Celle qui enseigne depuis 25 ans la physique atomique à l'université de Lund, en Suède, a appris son succès alors qu'elle dispensait justement un cours dans cet établissement. Un cliché diffusé sur les réseaux sociaux immortalise ce moment et montre Anne L’Huillier, téléphone en main pendant la pause de son cours. Elle a ensuite repris sa classe comme si de rien n'était, sans en parler à personne.

"On voyait qu'il y avait quelque chose"

Aron Allen, un étudiant qui participait au cours de mardi, raconte à BFMTV les minutes qui ont suivi le retour en classe.

"Quand elle est revenue pour continuer le cours, elle nous a dit qu'on allait terminer un peu plus tôt aujourd'hui parce qu'elle avait quelque chose après", décrit-il. "On a remarqué qu'elle avait l'air contente. Elle avait un peu plus de mal à se concentrer pour nous faire le cours même si elle le faisait très bien. Elle souriait, oui on voyait qu'il y avait quelque chose. Elle ne voulait rien dire parce qu'à ce moment-là, cela n'avait pas encore été annoncé", ajoute-t-il.

Selon lui, Anne L'Huillier a simplement clos son cours avec un laconique "bon, à demain", avant de quitter les lieux.

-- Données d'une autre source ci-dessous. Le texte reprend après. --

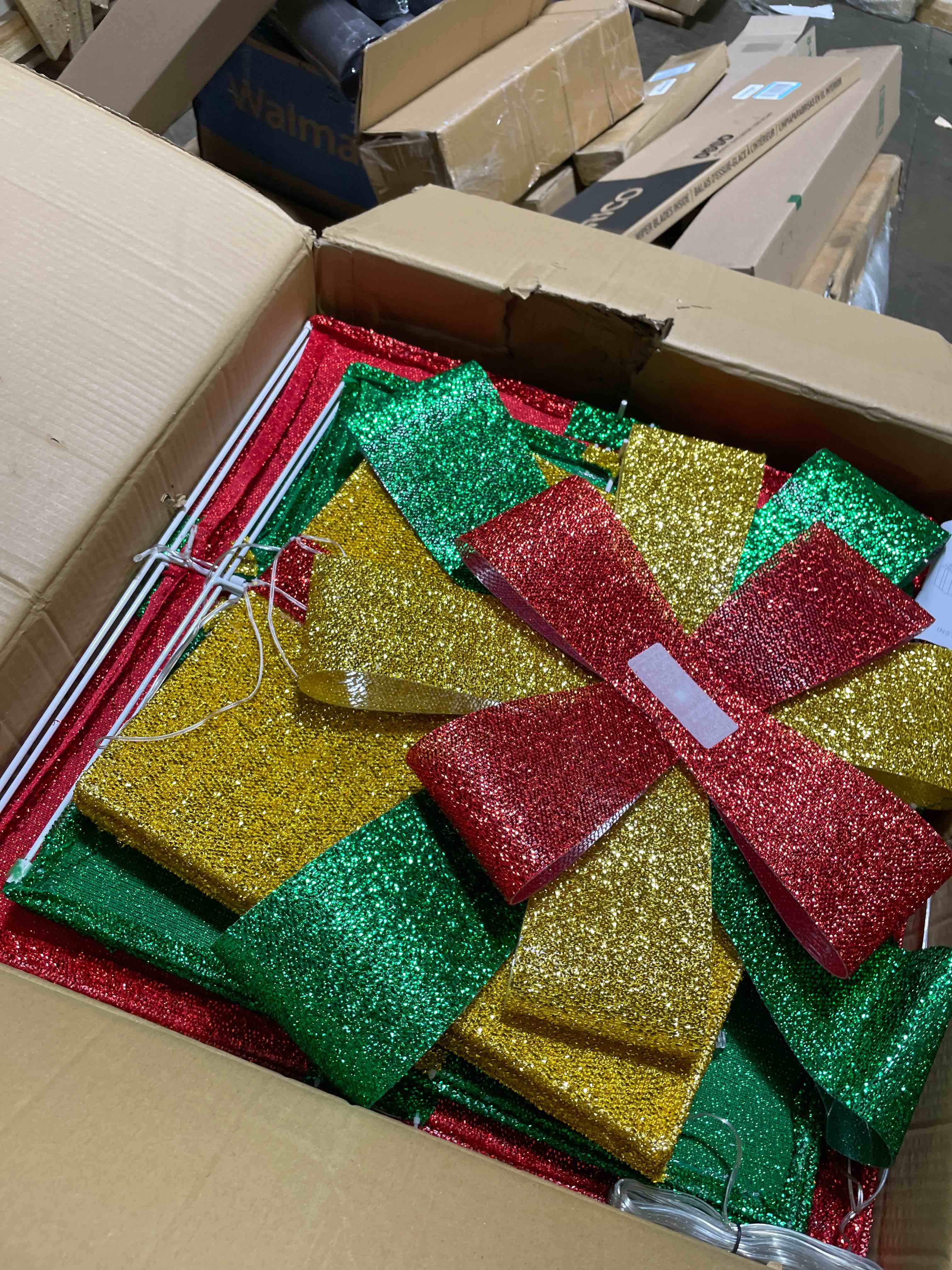 Condition photo showing Good Condition for 4.9FT Set of 3 Large Christmas Lighted Gift Boxes - 131 LEDs Pre Lit Presents Christmas Boxes Tower with Different Sizes for Holiday Indoor Outdoor Decoration (23.6+19.7+15.7 Inch) Large-Warm White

La nouvelle de la victoire d'Anne L'Huillier s'est rapidement propagée dans l'université et quelques dizaines d'élèves se sont rendus devant sa classe pour l'applaudir. Une collecte a également été mise en place afin d'offrir des fleurs à la professeure, qui doit encore donner un cours ce mercredi.

Travaux de longue haleine

La découverte qui lui a permis d'obtenir le Nobel remonte à 1987, quand cette agrégée de mathématiques effectue au Commissariat à l'énergie atomique (CEA, un organisme de recherche français) la première démonstration expérimentale d'impulsion laser à l'échelle de l'attoseconde, un milliardième de milliardième de seconde.

Dans son intervention mardi, la chercheuse a insisté sur l'importance de "financer la recherche fondamentale", avant d'espérer en tirer des bénéfices concrets.

Car à l'époque, "il s'en est fallu de peu pour que ces études soient interrompues", explique à l'AFP Pascal Salières, qui poursuivait alors une thèse sous sa direction.

Les travaux d'Anne L'Huillier étaient considérés "comme une curiosité de laboratoire", souligne l'actuel responsable de la plateforme Attolab au CEA, qui salue "sa persévérance à porter un sujet qui occupait alors seulement deux ou trois laboratoires dans le monde".

Après le CEA, elle a rejoint pour y enseigner en 1995 l'Université suédoise de Lund, où elle a rencontré le professeur de physique qui deviendra son mari.